If i use RO water for it does that have less CO2 anyways? (there are some blackwater fish in there, so i am lowering the microsiemens value slowly).


----------



## Tim Harrison (11 Oct 2013)

Ah...that old chestnut. I don't think you've got anything to worry about, just do what you need to with regards water changes. I think that rather perversely the whole low-energy and water change philosophy has somehow become turned on it's head One of the attractions of the low-energy method is that it requires less in the way of water changes, for the sake of effort, not because of supposed increases in CO2...The CO2 thing is almost certainly complete hokum.

My latest low-energy effort Cryptic Haven regularly gets 50% water changes and for the first two weeks got a 30-50% water change every other day - and guess what no algae...imagine that The following discussion will perhaps help to put it all in to context Low Energy, Water Changes, CO2, Algae, and Pseudoscience. | UK Aquatic Plant Society. But the upshot is if your tank is well balanced it should be robust enough to withstand mild fluctuations such as those brought about by water changes - even frequent and substantial ones.


----------



## Edvet (11 Oct 2013)

kk thx, i won't worry for now and just change when needed. No signs of any algae at the moment, just some light surface scum.


----------



## GreenNeedle (11 Oct 2013)

It's not so much the CO2 that is in tap water because that will gas off very quickly hence why we are pumping CO2 in continuously and fighting to get enough to all parts of the tap before it gasses off.  If we were talking about the CO2 in the tap water being the problem then we could simply add in CO2 for 10 minutes at the beginning of the light period then turn the CO2 off.

I would suggest it is more to do with leaving stuff (like excess fish food, plant leaves etc) to rot and produce natural CO2 within the water.  When I last did a 'proper' non CO2 tank I didn't do a single water change for 14 months with no problems to shrimps or fish.

I say proper there because it was an uber heavily planted tank whereas even though all of my current setups are non CO2 they aren't as heavily planted and I change 10% a week.

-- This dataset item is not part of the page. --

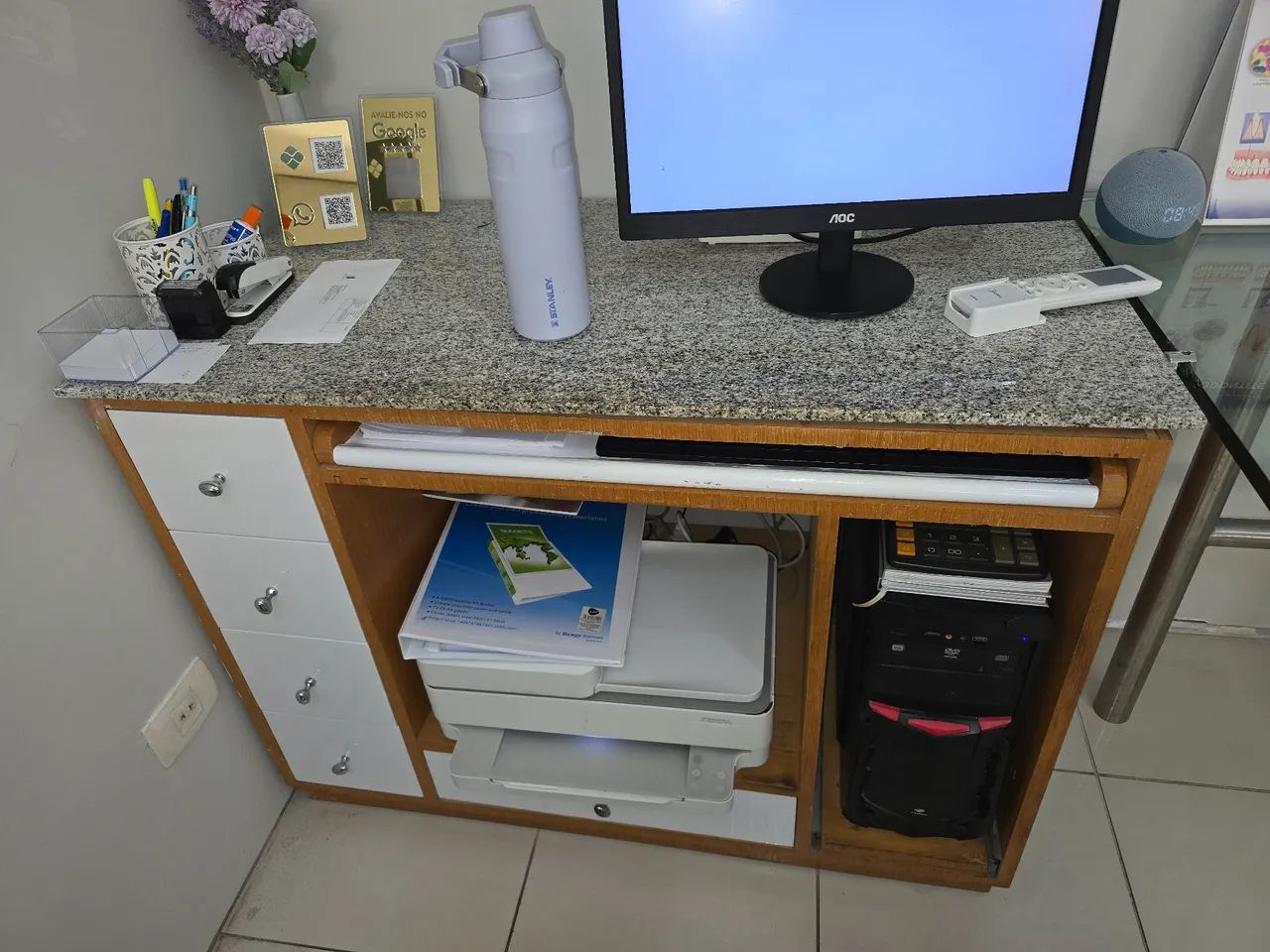 Mesa para computador com tampo em granito - Foto 4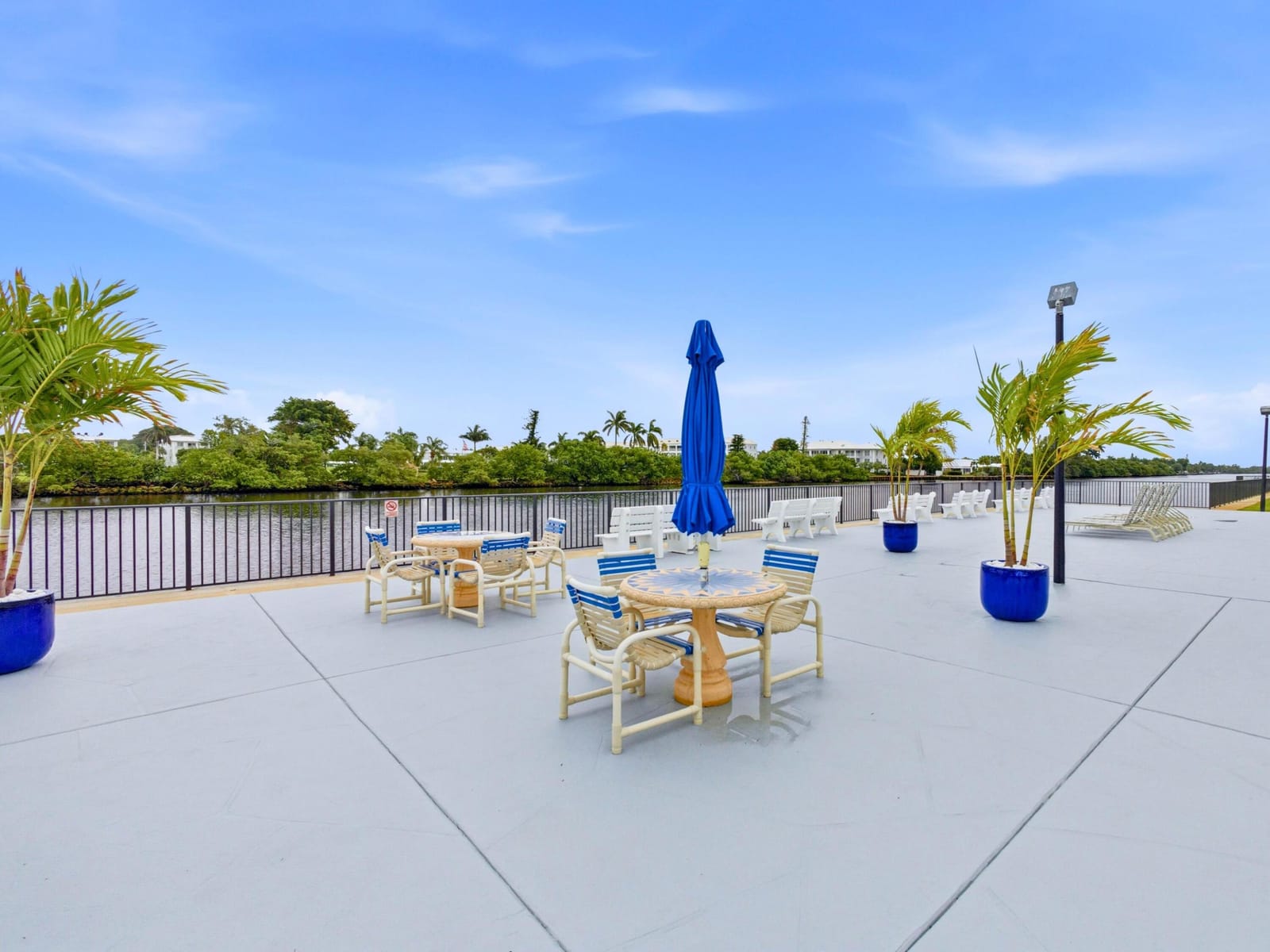 2420 S Federal Highway 19, Boynton Beach, FL 33435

I never clean gravel, sand or soil though, just clean the glass and siphon 10% of water out.


----------



## Edvet (11 Oct 2013)

Wel if all keeps going OK i will start leaving more "mess" in. I need to add some snails i just remembered, they will proces that too.


----------



## Nathaniel Whiteside (11 Oct 2013)

Lower the amount of food your putting in? 

Shrimples!


----------



## Edvet (11 Oct 2013)

I need to buff up some fish, and i can only feed them once a day, so i need to put in plenty for a while, just a few weeks.


----------